PF apreende dinheiro em caixas de isopor em operação contra desvios da saúde no RN
PF acha dinheiro em isopor em operação contra fraude na saúde do RN

Operação da PF descobre dinheiro em caixas de isopor e medicamentos vencidos em investigação sobre desvios da saúde no RN

A Polícia Federal (PF) realizou uma operação de grande porte no Rio Grande do Norte, focada em combater suspeitas de fraude em processos de licitação e desvio de recursos federais destinados à saúde pública. Durante as buscas, os agentes encontraram dinheiro vivo armazenado em caixas de isopor, um indício forte de irregularidades financeiras.
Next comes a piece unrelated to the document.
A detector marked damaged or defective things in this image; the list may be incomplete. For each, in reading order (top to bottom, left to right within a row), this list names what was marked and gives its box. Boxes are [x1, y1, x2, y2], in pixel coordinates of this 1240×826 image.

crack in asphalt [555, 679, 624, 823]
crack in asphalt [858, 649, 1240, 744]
A ação, autorizada pelo desembargador federal Rogério Fialho Moreira, do Tribunal Regional Federal da 5ª Região, em Recife, cumpriu 35 mandados de busca e apreensão em várias cidades do estado.
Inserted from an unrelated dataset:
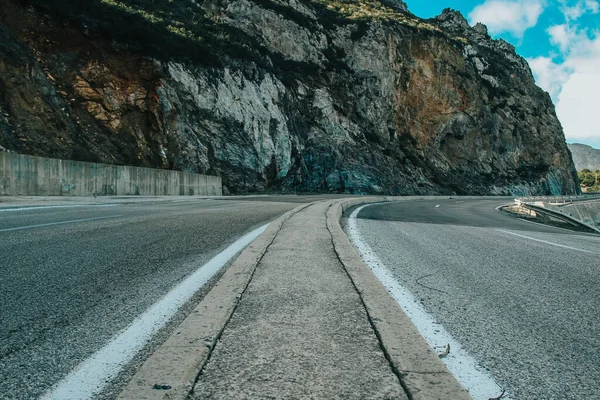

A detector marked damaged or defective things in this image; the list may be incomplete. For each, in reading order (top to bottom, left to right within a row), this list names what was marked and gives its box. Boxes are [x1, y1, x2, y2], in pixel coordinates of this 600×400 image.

Medicamentos com validade curta e superfaturamento em Serra do Mel

Um dos casos mais graves ocorreu em Serra do Mel, onde a PF identificou que um lote de mil unidades de succinato de metropolol 100mg, medicamento usado para tratar pressão alta, chegou ao município com apenas um dia de validade, resultando na perda total do produto. Auditorias da Controladoria Geral da União (CGU) revelaram que outros lotes foram entregues com prazos de 30 ou 60 dias, considerados inadequados, e em quantidades superiores ao histórico de consumo local.

Além disso, a investigação apontou o descarte de mais de 1,1 mil unidades de Prednisona 5mg, um anti-inflamatório, devido à expiração da validade em maio de 2024. Embora o estoque fosse grande, o maior volume mensal de saída desde 2023 foi de apenas 78 unidades, indicando compras excessivas. Medicamentos como azitromicina, aciclovir, metoclopramida e paracetamol também foram adquiridos com prazos curtos e em volumes acima da média histórica.

Superfaturamento e pagamentos por produtos não entregues

Segundo as investigações, parte significativa dos produtos pagos pela Prefeitura de Serra do Mel não foi entregue pela empresa Dismed. Em uma nota fiscal no valor de R$ 89.170,00, a auditoria identificou que R$ 52.312,58 correspondiam a medicamentos que nunca chegaram, representando um superfaturamento de 58,67%. Desde 2016, o município pagou à Dismed um total de R$ 4.089.868,85 e repassou R$ 1.445.082,52 a outra empresa investigada.

A defesa da Distribuidora Dismed e do empresário Oseas Monthalgann Fernandes Costa negou qualquer conduta criminosa, afirmando que a empresa atua há 18 anos de forma regular e sem histórico de irregularidades. Eles aguardam acesso integral aos autos para análise técnica, respeitando as garantias constitucionais.

Seis prefeituras na mira da PF e medidas cautelares

A operação abrange pelo menos seis prefeituras do Rio Grande do Norte, incluindo Mossoró, São Miguel, Paraú, José da Penha, Upanema e Serra do Mel. Entre os alvos estão o prefeito de Mossoró, Allyson Bezerra, o vice-prefeito Marcos Medeiros (PSD), o prefeito de São Miguel, Leandro do Rego Lima (União), e o prefeito de Paraú, Júnior Evaristo (PP). A PF também apreendeu dinheiro na casa de um sócio de empresa investigada, embora o valor não tenha sido divulgado.

Um empresário de Serra do Mel foi conduzido em flagrante por posse ilegal de arma de fogo. A Justiça determinou medidas cautelares, como pagamento de fiança e uso de tornozeleira eletrônica, para sócios e funcionários das empresas envolvidas.

Posicionamento dos municípios investigados

As prefeituras afetadas se manifestaram sobre a operação. Serra do Mel afirmou que não houve busca em órgãos municipais e reafirmou compromisso com a transparência. Mossoró, por meio da defesa do prefeito Allyson Bezerra, destacou que a investigação não se confunde com sua atuação pessoal e que ele colaborou integralmente. José da Penha considerou a investigação comum e confirmou contratos legais com a empresa investigada.

São Miguel esclareceu que os contratos sob investigação são da gestão anterior, enquanto Paraú afirmou que as contratações seguiram a lei. Tibau, que não foi alvo de buscas, ressaltou que cumpre rigorosamente os requisitos legais em suas licitações.

A operação continua em andamento, com os investigados podendo responder por crimes relacionados a desvios de recursos públicos e fraudes em contratações administrativas.